It isn't hard to see why frequent moviegoers in 1938, wise to the formulas of most movies, would have found FOUR DAUGHTERS a fresh and surprising picture. The story of four musical sisters and their romantic problems begins as conventionally as any Deanna Durbin musical but quickly evolves into an absorbing romantic melodrama.
Director Michael Curtiz keeps all four actresses bubbling sweetly and predictably, but when Jeffrey Lynn enters the picture trouble begins. Though one sister is engaged and another nearly so, all four in some way become smitten by this young musician. Then the script tops itself (and electrified audiences) by introducing a further complication named John Garfield. Cynical, depressive, darkly attractive and clearly a New York 'ethnic' type, Garfield is in every way the opposite of tall, handsome, WASPy Jeffrey Lynn, who in any other picture would probably have made more of an impression. Though friends, the men vie for Priscilla Lane, whose unaffected acting style creates a nice tension with both actors. Believing it best for her sister, Priscilla marries the wrong man, at once confounding and satisfying audience expectations. Halfway through this film you are apt to wonder what will happen next and how events will play out, which is not what you expect from the sunny opening.
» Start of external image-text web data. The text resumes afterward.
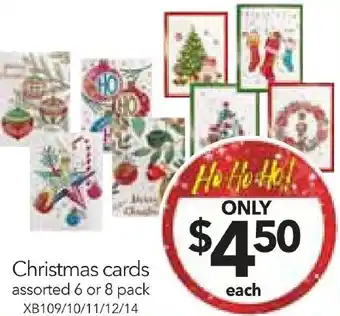 Cheap as Chips Christmas cards offer
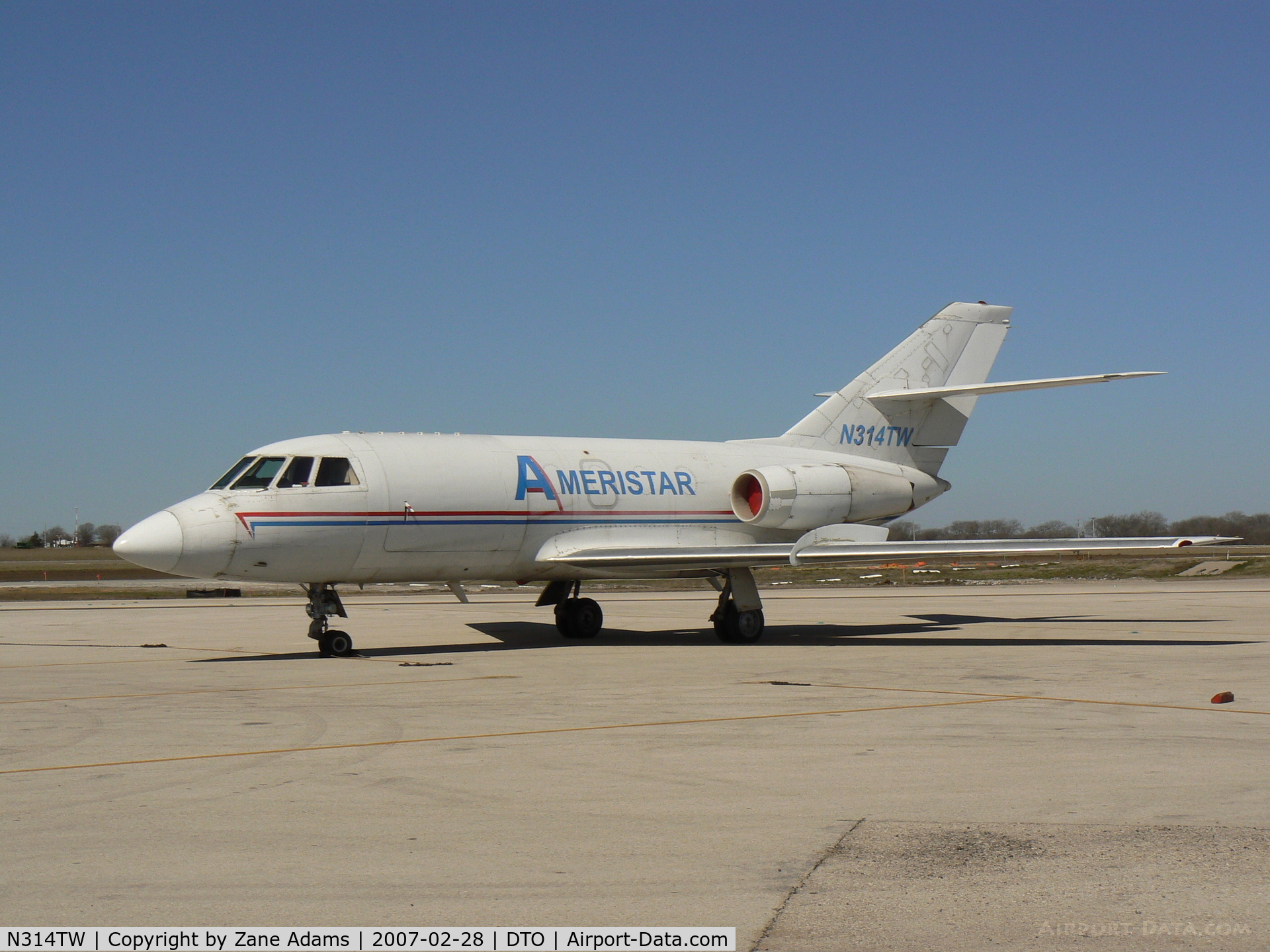 N314TW, 1974 Dassault Falcon (Mystere) 20E C/N 314, Freighter 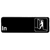 Thunder Group PLIS9309BK 9" x 3" White Information Symbol Sign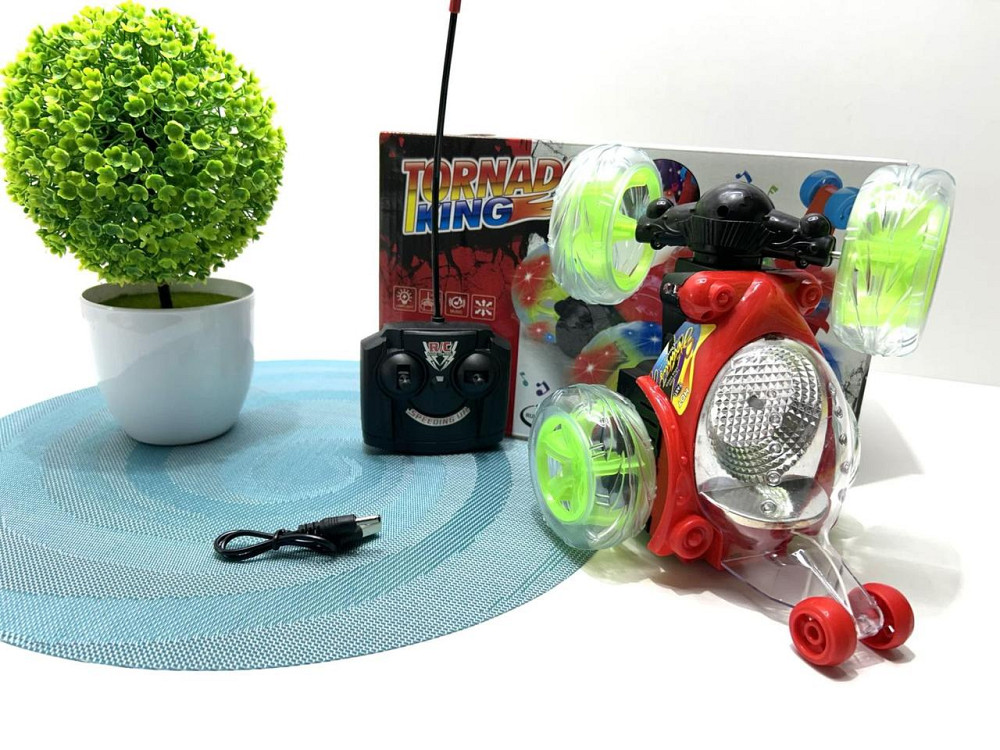 Машина Перевертень трюкова радіокерована зі колесами, що світяться, 18 см Червона (3048) Чернігів - фото 4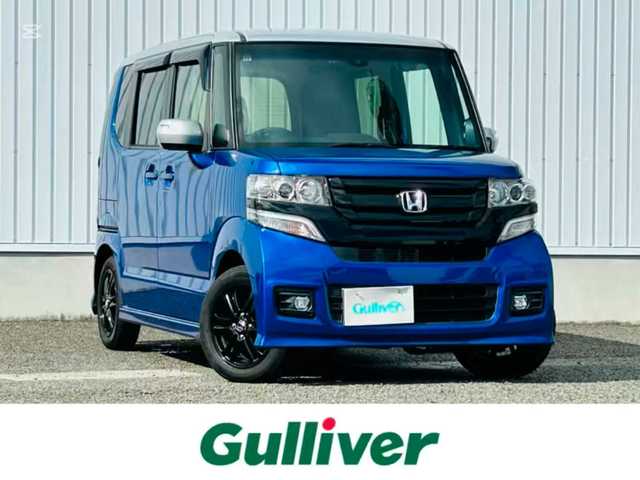 ホンダ Ｎ ＢＯＸ カスタム G SSパッケージ 熊本県 2016(平28)年 5万km ブリリアントスポーティブルーメタリック2トーン 純正SDナビＤＴＶ（VXM-174VFi）/・CD/DVD/BT/SD/AUX/バックカメラ/ドラレコ/ビルトインETC/両側パワースライド/あんしんpkg/後部席サンシェード/HIDライト/フォグ/マット/バイザー/スマートキー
Garfield's success overshadowed every other good thing about this film. Clearly Warners' thought they had a successor to Jimmy Cagney. In fact they had the forerunner of Robert Mitchum, Robert Ryan, Montgomery Clift, Brando and James Dean, though Garfield was warmer and more likable than any of those.
This movie was remade in 1955 as a Technicolor musical called YOUNG AT HEART starring Doris Day and Frank Sinatra. Though not a bad idea in theory, the original is a better film.